Pour autant, derrière ce schéma redondant pas bien stimulant, le jeu cherche à porter en filigrane une intrigue qui ne se fera jour que très progressivement. Cette intrigue, qui prend des tournures de thriller pataud des 90's, se révèle malheureusement sacrément grotesque, tout comme d’ailleurs la façon absurde dont s’enchainent les évènements qui sont sensé s’y rattacher. Au final tout juste de quoi justifier que Mae, derrière son attitude infantile, serait en fait une super camarade en cas de situations critiques et irait jusqu’à sauver la ville d’évènements tragiques… Démonstration quand même pas bien convaincante quand on voit l’artificialité des ressorts scénaristiques mis en place pour tenter d'y apporter du crédit.

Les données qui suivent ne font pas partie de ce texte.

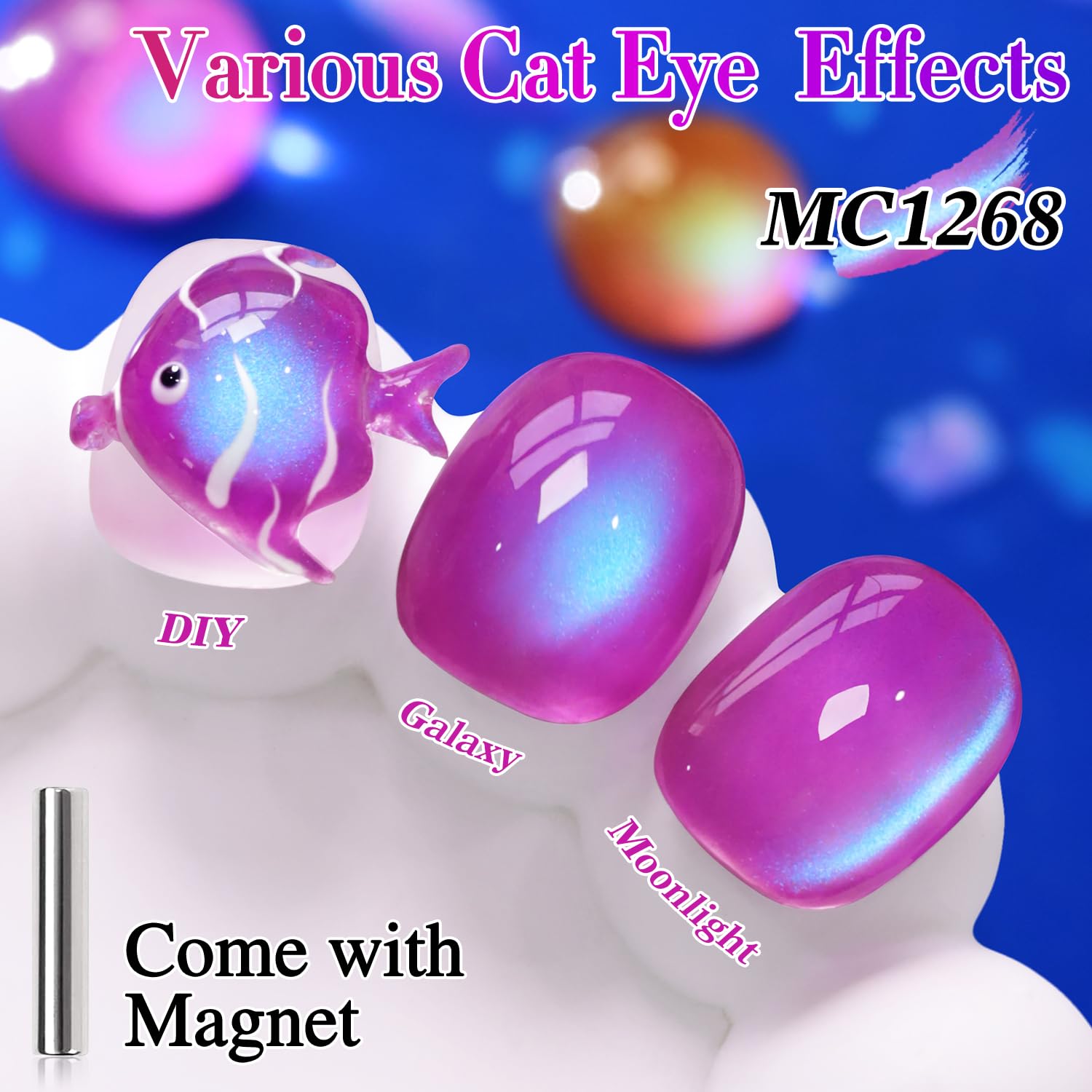Double Rhythm Gel Cat Eye con imán, líneas magnéticas elegantes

On notera au milieu de cela quelques coquetteries pour le coup bienvenues, comme un personnage qui rédige chaque jour des mini-poêmes, tous très réussis : jolie prouesse d’écriture de la part des auteurs ; mais qui malheureusement semble un peu vaine quand le plus gros de l’œuvre n’atteint pas le dixième de la qualité de ce petit à-côté.
FADE MALGRÉ LA SUPERBE DA
Grosse déception pour moi que ce Night in the Woods, qui, en dehors d’un aspect artistique brillant, accumule un gameplay inexistant, une narration poussive, une intrigue grotesque, un propos extrêmement faible. L’ambiance de la bande d’ados est quand même sympa, avec des personnages attachants, même si cela reste dans le domaine du balisé, pour ne pas dire banal. Surnages aussi quelques mini-jeux qui finalement semblent faire la nique au jeu principal (Demon Tower) ; comme quelques poèmes en marge, qui révèlent un brio d’écriture qu'on aurait surtout aimé trouver dans le cœur du récit.
ATTENTION : le jeu est uniquement en anglais, un niveau correct est indispensable pour pouvoir en profiter.